In his treatment of silver, greenbacks, railroad and mine booms, and the like, he shows that the country had reached a new stage in its development when a transition both economic and political was apparent. This is made evident by his discussion of election frauds, Republican factions, office holders in politics, the abuse of patronage and the necessity for civil service reform. Next the author takes up the era of prosperity, the disappearance of the frontier, the land grants to railroads, the development of the telephone, telegraph, typewriter, electrical appliances, and the like, in their bearing on the industrial reconstruction of the whole country.
The author then discusses events more in detail, directing his attention to the tariff revision of the eighties, the "Mugwump Campaign" of 1884, the Wild West, labor ideals, protection, populism, the revival of the Democratic party through the leadership of Cleveland, industrial unrest, political schism, the Spanish-American War, business in politics, the career of Theodore Roosevelt, government control, insurgency, the rise of Woodrow Wilson, watchful waiting, neutrality and preparedness, the United States in the World War, and the League of Nations. Some attention is also given to the reconstruction and the election of 1920.

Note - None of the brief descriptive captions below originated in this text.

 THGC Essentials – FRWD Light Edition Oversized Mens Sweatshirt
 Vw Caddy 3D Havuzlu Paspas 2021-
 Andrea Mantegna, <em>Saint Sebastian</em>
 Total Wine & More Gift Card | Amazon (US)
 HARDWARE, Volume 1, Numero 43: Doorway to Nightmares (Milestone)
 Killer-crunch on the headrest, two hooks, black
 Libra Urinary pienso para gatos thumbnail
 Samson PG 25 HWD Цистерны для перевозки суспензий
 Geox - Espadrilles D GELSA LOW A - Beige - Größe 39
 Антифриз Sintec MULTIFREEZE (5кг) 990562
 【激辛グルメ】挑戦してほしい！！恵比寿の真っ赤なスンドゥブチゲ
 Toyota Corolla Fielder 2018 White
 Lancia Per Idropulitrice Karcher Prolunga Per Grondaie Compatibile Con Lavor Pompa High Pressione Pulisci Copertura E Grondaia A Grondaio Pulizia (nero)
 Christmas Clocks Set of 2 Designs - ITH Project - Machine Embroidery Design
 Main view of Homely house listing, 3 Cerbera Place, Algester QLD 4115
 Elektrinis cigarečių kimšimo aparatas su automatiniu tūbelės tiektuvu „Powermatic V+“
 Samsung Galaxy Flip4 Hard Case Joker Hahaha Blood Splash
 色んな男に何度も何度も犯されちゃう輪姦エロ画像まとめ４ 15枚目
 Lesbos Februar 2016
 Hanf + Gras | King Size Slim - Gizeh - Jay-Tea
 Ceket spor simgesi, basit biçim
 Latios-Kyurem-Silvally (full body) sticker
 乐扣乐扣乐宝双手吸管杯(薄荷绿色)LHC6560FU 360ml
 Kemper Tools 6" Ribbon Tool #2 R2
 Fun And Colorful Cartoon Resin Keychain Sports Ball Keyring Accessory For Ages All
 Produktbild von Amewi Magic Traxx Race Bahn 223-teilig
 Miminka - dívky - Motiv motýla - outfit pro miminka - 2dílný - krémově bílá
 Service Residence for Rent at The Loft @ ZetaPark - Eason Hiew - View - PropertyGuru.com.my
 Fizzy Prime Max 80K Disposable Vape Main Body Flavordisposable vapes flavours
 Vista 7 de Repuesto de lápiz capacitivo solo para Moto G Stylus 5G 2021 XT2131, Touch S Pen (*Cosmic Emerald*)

While the work is a valuable treatise from the point of view of a man who is trying to write the history of a particular race, it does not come up to the standard of history of the United States in all of its national and racial ramifications. So far as the Negro is concerned, it merely refers to his undoing as a political factor in the Reconstruction, the efforts for his education by northern sympathizers, the rise of Booker T. Washington, the elimination of the Negro as a factor in the South, the efforts to pass a force bill protecting the Negro in the exercise of the right of suffrage, and the continued control of the South of the Democratic party. A foreigner who reads this work might wonder whether the Negroes by this political upheaval have been exterminated or have emigrated from the country. Any student of the history of the whole Southland knows that it is centered largely around the Negro and any historian failing to take this into account cannot be recognized as an authority.
The Backbone of Africa. A Record of Travel during the Great War, with some Suggestions for Administrative Reform. By Sir Alfred Sharps, K. C. M. G., C. B., formerly Governor of Nyasaland. London, H. F. & G. Witherby, 1921. Pp. 232.
This is the reaction of a public functionary to the scenes of colonial life as they appeared to him from a different angle in a survey of the whole continent and under the circumstances of a political upheaval. He had in mind here the regions of Rhodesia, Nyasaland, Tanganyika, Ruanda, the Congo, and the Upper Nile. The book is illustrated, well written and suggestive throughout. It contains four valuable maps and has an index largely of names.
Writing from the point of view of the exploiter of Africa, the author considers such questions as the disposition of the German Colonies coming into the possession of England at the close of the Great War, the question of restitution, the partition of Africa, the suggested union of the Protectorates in Eastern Africa under a Governor General, the partition of German East Africa, the redelimitation of boundaries, problems of railway construction and a united East African Colony. He discusses also the Home Government, native taxation, local representation, land along with land laws, native rights, their education, the labor problem, migration, industrial questions, and missions.
Treating the colonial policy in dealing with the natives, the author shows some sympathy. He does not believe that the tax on natives has been wisely imposed and, therefore, asks for a uniform and more equitable system. To effect such a reform, however, he believes that the local government with increased authority in its own affairs should exercise such power rather than have such a policy determined by the Home Government through its appointive executive and legislators who act for the colonies though not of them. The question of native ownership of spare land, he believes, should be carefully considered, inasmuch as there has never been any real title to the possession of definite blocks of freehold lands in Native Africa. Native education also should be taken in hand and there should be adopted a suitable scheme, applicable to all the Protectorates.
"In the first place in one shape or another," says the author, "we introduce a direct but immoderate impost such as a hut-tax or a more general poll-tax, the money for which has to be earned. Next, we endeavor to create new wants: clothes, ornaments, manufactured goods and luxuries of all kinds. All this represents a gradual process of regeneration, as the native is by nature very conservative and, therefore, slow to adopt new tastes or acquire ambitions. But we endeavor to raise his ideals and to inculcate the view we ourselves hold: that man should not be satisfied with mere existence, like beasts in the field, but should adopt civilisation and everything that, in the main, we consider to be essential to civilised life. We ask him, therefore, to produce something—other than for his own immediate wants—whether it be by labour done for an employer, or on his own account."